The Festival was last held in 1985, the year Peach's hit play ran. How the West Was Fun! has gone on to be produced by theatre companies from as far away as Illinois.
Peach has written 22 plays. His ingenious Scams of Scapin was one of the big hits of the Sedona theatre season last summer. He has won grants from the Arizona Commission on the Arts for his writing. Seven of his plays have seen production.

How the West Was Fun! is a parody on the musical western genre. It is directed by Tobias Hardy a Vancouver, B.C. native.

The cast includes Garrison Bailey, Jason Gerau, Roberta Lairson, Ron Richie, and Bill Frank. Peach has revised the script since 1985, and if Scams of Scapin is any indication it should be charmingly hilarious.

Additionally, the performance space, the work barn at El Rojo Grande Ranch, will provide a marvelous ambiance.

How the West Was Fun!
opens on July 6 and runs for 12 performance through the 29th. Tickets can be purchased by calling ARTS at 204-2064.

NAU Summer Arts 2000

NAU Summer Arts 2000 kicks off its season June 22 with its production of Galileo.
Written by Bertold Brecht, Galileo tells the story of historic figure Galileo Galilei, with California actor Matt Henerson portraying the legendary renaissance man.

Other cast members include Clifford E. White, Bob Yowell, Richard Brandt, and Nancy Noble. It will be directed by Summer Arts 2000 Artistic Director Rick Davis.

Galileo is followed by Atomic Bombers, which is written by Russell Vandenbroucke.
Atomic Bombers presents a comic look at the men and women behind the H Bomb. Chicago actor Rod Gnapp plays the lead character, Nobel Prize winning physicist Richard Feynman. Atomic Bombers will be directed by its creator, playwright Russell Vandenbroucke.

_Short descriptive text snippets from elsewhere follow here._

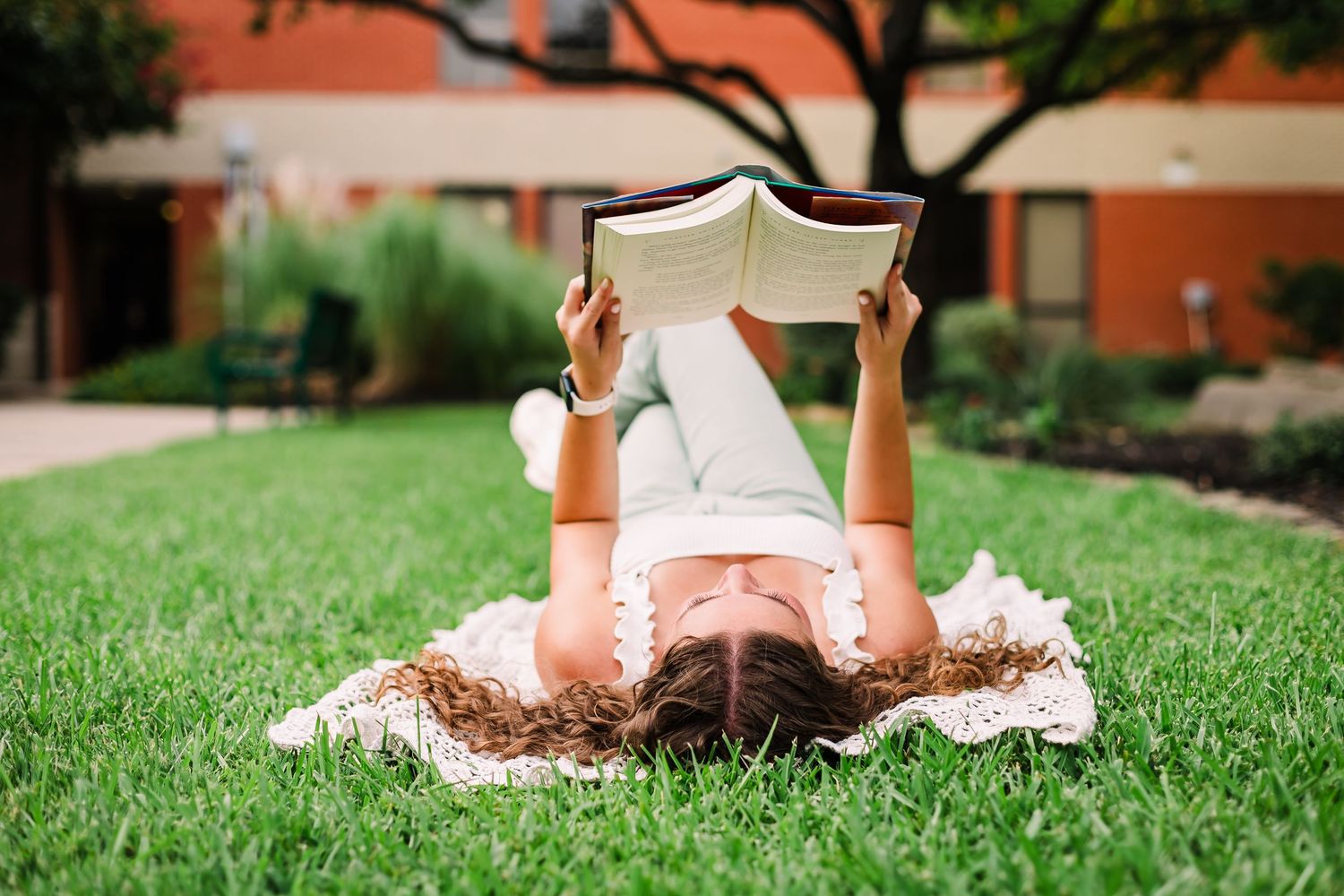 Person lying on grass reading book during sunny day outdoors.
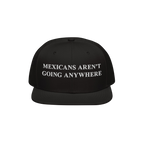 Black snapback hat featuring bold white embroidery reading “Mexicans Aren’t Going Anywhere,” symbolizing pride and resi
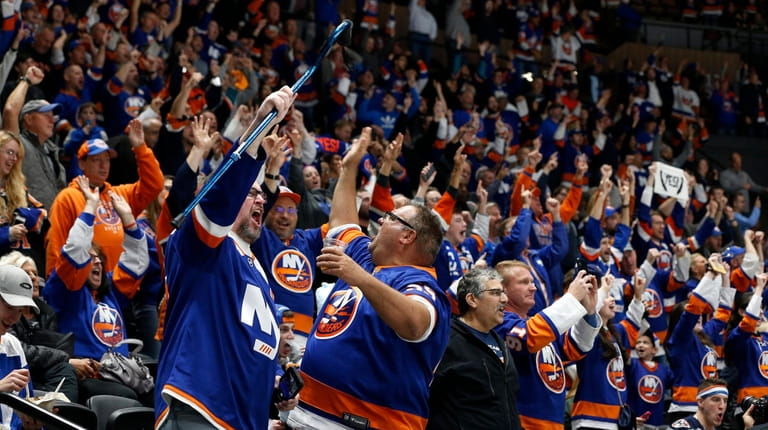 Islanders fans celebrates a goal in the third period against...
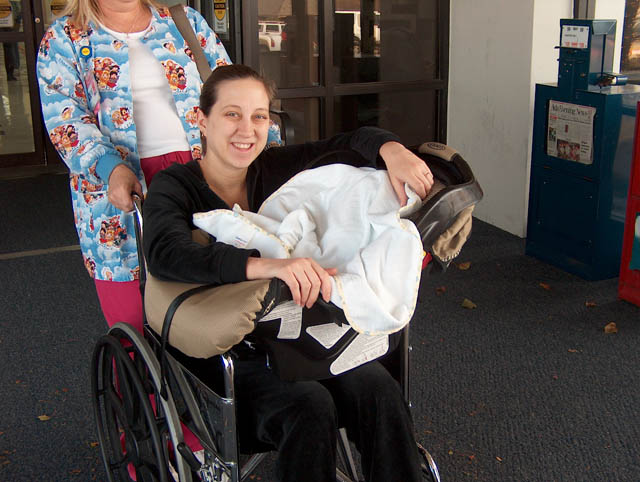 Finally leaving the hosptial! (And yes, Abby can walk -- they make you ride in a wheelchair.)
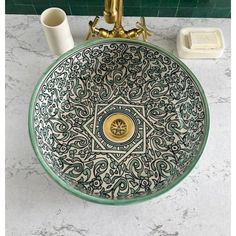 a bathroom sink with an intricate design on the bowl and gold faucet above it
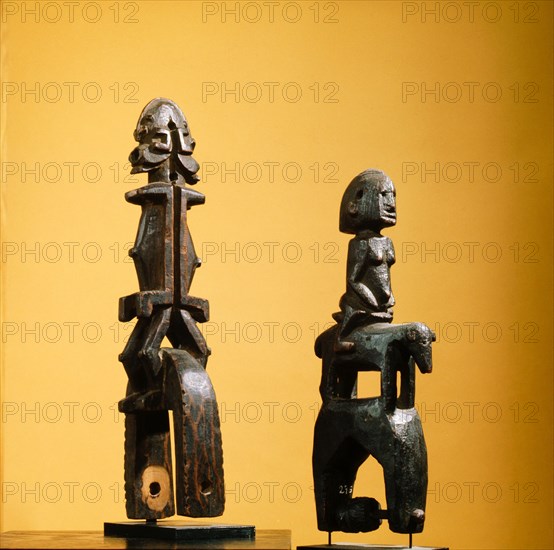 Heddle pulley used to support the cord to the foot pedals which alternate the heddles on the narrow strip loom typical of West African mens weaving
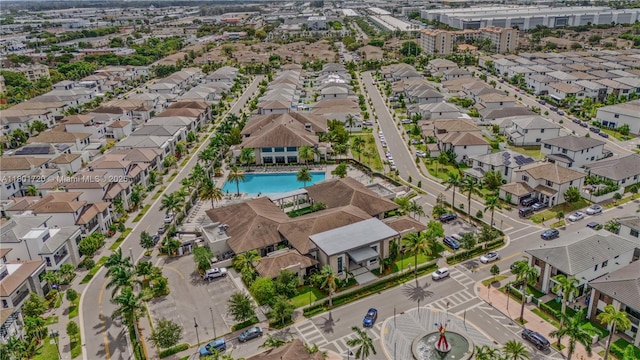 aerial view of property's location with a pool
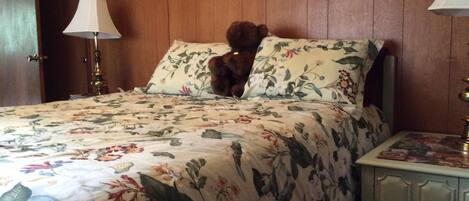 A bed with floral bedding, a teddy bear on the pillow, and a nightstand with a lamp.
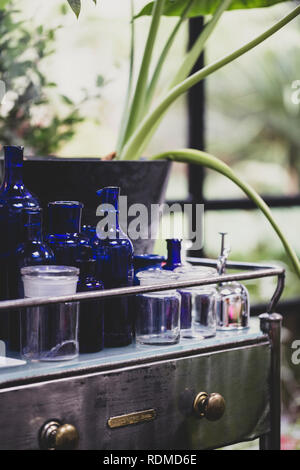 Nahaufnahme von klaren und blauen Gläsern und Flaschen auf vintage Metall Tisch mit Schublade. Stockfoto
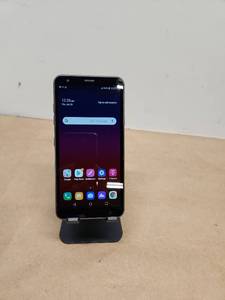 lot 53 image: LG Android Smartphone with Charging Cable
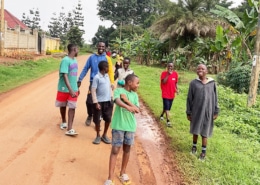 Former homeless boys going swimming with one of the charity workers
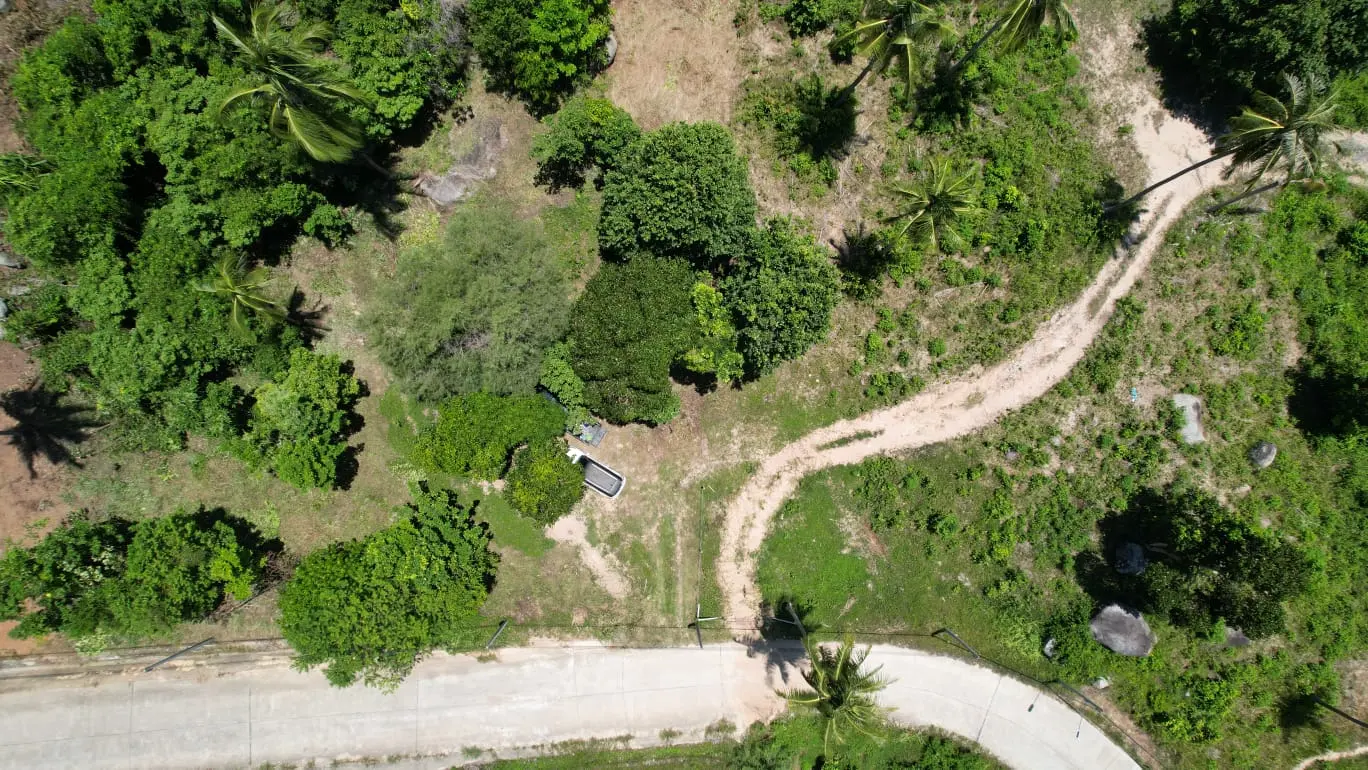 Prime Land Parcel with Partial Sea View for Sale in Chaweng Noi, Koh Samui – Red Title Deed (Chanote), Public Road Access & Electricity Ready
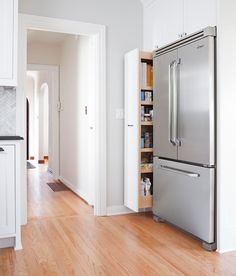 a stainless steel refrigerator in a kitchen with white cabinets and wood flooring on the side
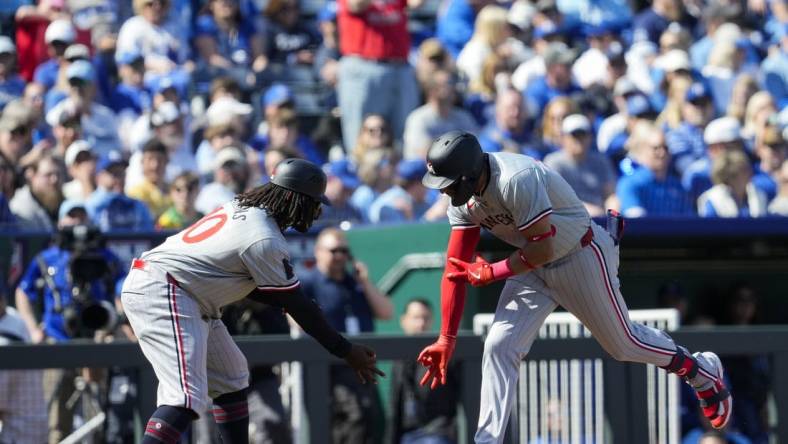 Mar 28, 2024; Kansas City, Missouri, USA; Minnesota Twins third baseman Royce Lewis (23) celebrates with third base coach Tommy Watkins after hitting a home run during the first inning against the Kansas City Royals at Kauffman Stadium. Mandatory Credit: Jay Biggerstaff-USA TODAY Sports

Galileo previews on June 22 and 23, opens on the 24th, and runs through July 9th. Atomic Bombers previews on July 14, opens on the 15 and will run through July 23. Tickets can be purchased through the NAU central ticket Office 520-523-5661 or 1-800-520-7214.

Fourth of July Celebration

The July 4th holiday weekend brings us the premiere of Brent Michael Davids' Guardians of the Canyon, a piece written especially for this event.

The Grand Canyon Music Festival was chosen from many organizations to represent the state of Arizona as the recipient of the Continental Harmony Award for the millennium. There is one piece being written for each of the 50 states, all of which are set to premiere on July 4, 2000.

The American Composers Forum and the National Endowment for the Arts launched the historic initiative, with Continental Harmony, to link rural and under-served communities with composers, to celebrate the millennium with new musical works. This Award, which is underwritten by the Rockefeller and Knight Foundations, is an official White House millennium project.

Brent Michael Davids was selected to create an original piece of music to represent the state of Arizona. A member of the Mohican Nation, he is a classically trained composer who combines that training with the philosophies and music of his and other indigenous cultures.

He composed a piece for four flutes; crystal, metal, clay and wood. "My initial idea is to create a work that evokes the cultures currently living within the Grand Canyon, both human and non human; and to create a spatial sense of being inside the canyon listening to the music," Davids said.

Guardians of the Canyon will be accompanied by Havasupai dancers and will be performed as a concert of music, dance, and words inspired by the environment and diverse cultures of the Grand Canyon.

Grand Theatre at The Canyon

There will also be a performance of The Tramp and the Roughrider at the Grand Canyon on July 3rd. This meeting of the minds relives the meeting between conservationist John Muir and Theodore Roosevelt at Yosemite National Park in May, 1903.

Lee Stetson will portray John Muir and Doug Brennan plays Theodore Roosevelt. The performance takes place at the Shrine of the Ages auditorium at 7:30 pm. Tickets for either of these events can be purchased through the Grand Canyon Music Festival at 520-638-9215.